Your business, we’ll call it Privacy Co., operates out of Kingston, you sell product almost exclusively to the United States and now a European Union (EU) privacy regulation is affecting the way you handle customer data? What gives?
So, Privacy Co. operates in Kingston and predominantly sells to the United States so the GDPR probably does not mean much to them, right? Well, last summer, the company attended trade shows all across Europe and amassed quite the email list. On top of this, the marketing team has decided to run targeted online ads in the countries that hosted them. Despite the fact that Privacy Co. has not actually made a sale to a European customer, the GDPR makes a valid assumption that since the Company is collecting personal data, the company also likely intends to sell to EU residents in the future. As such, the GDPR applies to Privacy Co., since it is “processing” data that belongs to EU residents. Processing has been given a broad definition and can include anything from storing personally identifiable data to using it for better informed forecasting models.

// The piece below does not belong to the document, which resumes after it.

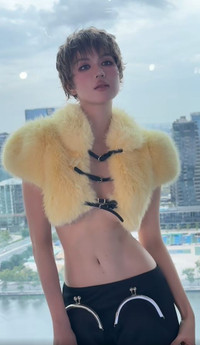 ngoc-trinh-4.jpg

If you even slightly suspect that your company may be processing personally identifiable information from EU residents you will want to make sure you do the following, as soon as possible:
- Conduct an internal audit to ascertain what type of personal data you are collecting, what are you using the data for and where is the data coming from;
- Establish policies that govern how personal data is collected and used;
- Set up appropriate counter-measures and security checks to ensure that personal data is secure, (encryption and adequate technological safeguards are an essential part of the GDPR);
- Make data readily available to those entitled to view it, and continuously audit your efforts.